A Gay Girl in Damascus blog confirmed as hoax


The blog A Gay Girl in Damascus purportedly written by a Syrian-American woman, Amina Arraf living in Damascus, has been confirmed as a hoax.

The blog got worldwide publicity last week when a post appeared on the site saying Amina had been abducted by security forces.

A post on the site last night claimed the real author of the blog was a man based in Istanbul called Tom MacMaster who admits inventing Amina Arraf.

In the post, MacMaster apologised to readers and claimed: "While the narrative voice may have been fictional, the facts on this blog are true and not misleading as to the situation on the ground. I do not believe I have harmed anyone – I feel I've created an important voice for issues I feel strongly about."

MacMaster said he was "the sole author of all posts on this blog".

Meanwhile, the Guardian readers' editor Chris Elliott in his Open Door column today says of A Gay Girl in Damascus: "It looks like 'she' is an academic based in Edinburgh."

A news story in the Guardian says MacMaster is "a 40-year-old Middle East activist studying for a masters at Edinburgh University." He and his wife are thought to be on holiday in Turkey.

The Guardian has apologised for using pictures of Jelena Lecic, an administrator at the Royal College of Physicians in London, to illustrate the A Gay Girl in Damascus blog. The pictures had been supplied by the person claiming to be Amina Arraf to a Guardian journalist.

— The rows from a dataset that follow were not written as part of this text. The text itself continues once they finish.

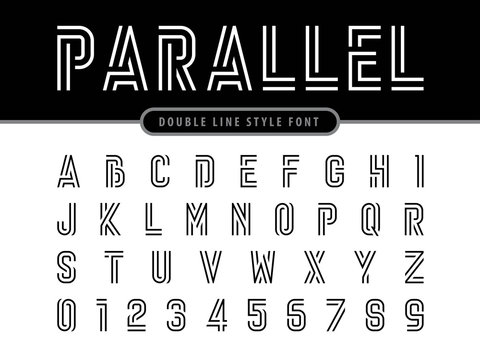 Vector of Modern Alphabet Letters and numbers, Parallel lines stylized rounded fonts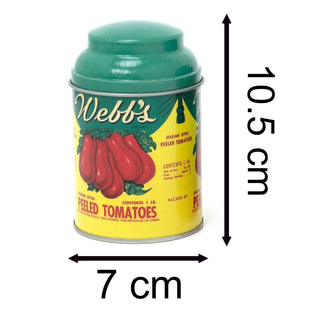 Set of 3 Vintage Style Mini Tins | Retro Metal Tomato Storage Jars - 10cm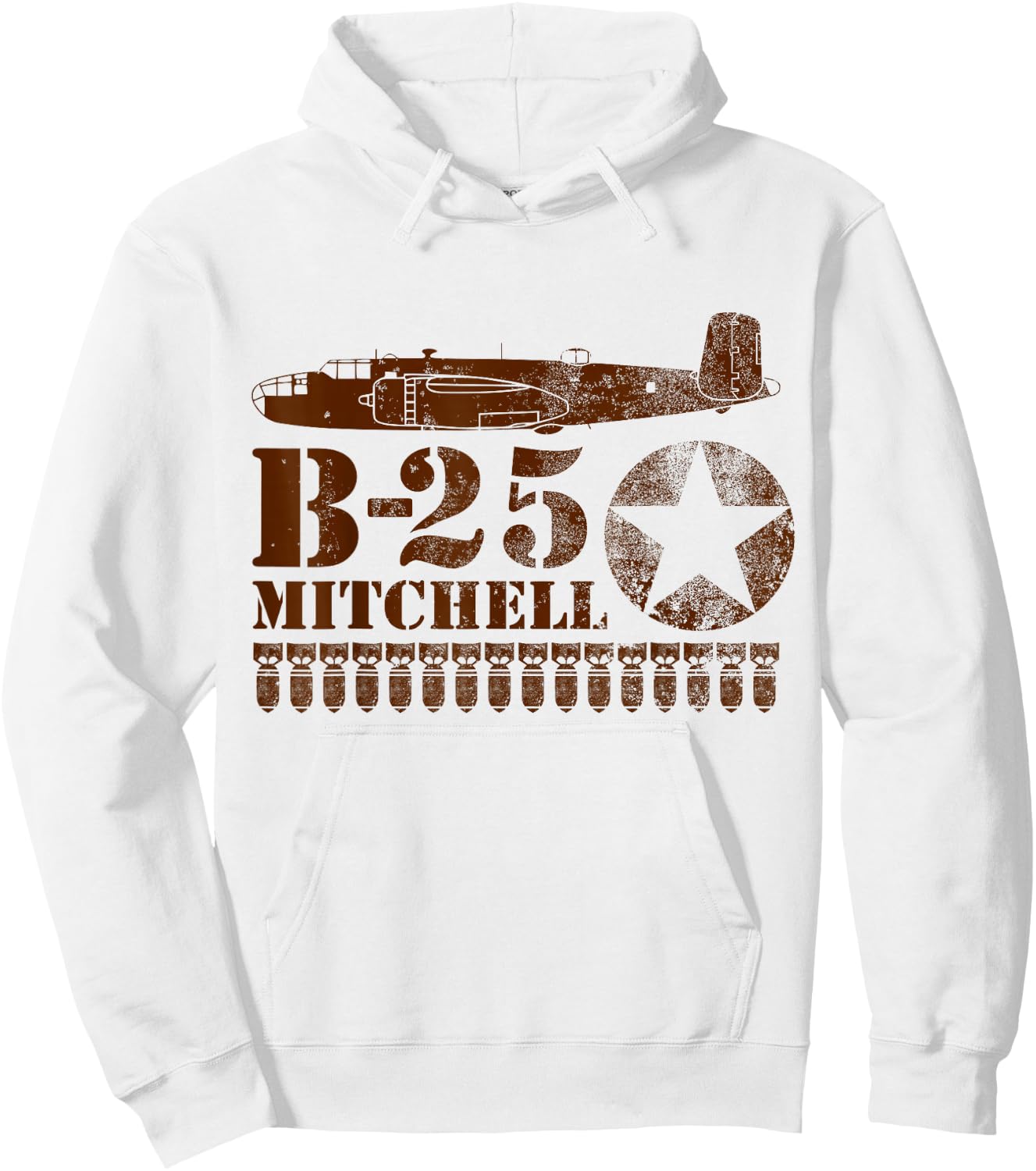WW2 Bomber Air Force T shirt - B-25 Mitchell Hoodie - Hoodie | White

Elliott says today: "The Guardian did not remove all the pictures until 6pm on Wednesday 8 June, 27 hours after Jelena Lecic first called the Guardian. It took too long for this to happen, for which we should apologise. The mitigating factors are that we first acted within four hours but compounded the error by putting up another wrong picture, albeit one that had been up on our website for a month, was unchallenged and was thought to have come directly from 'Amina'. We know that when using social media – as we will continue to do as part of our journalism – the Guardian will have to redouble its efforts in establishing not just methods of verification, but of signalling to the reader the level of verification we think we can reasonably claim."

1 comment:

Blogging For Profit said...

I want to believe that a gay girl in Damascus has the opportunity to blog about her life… but it’s not reality, is it?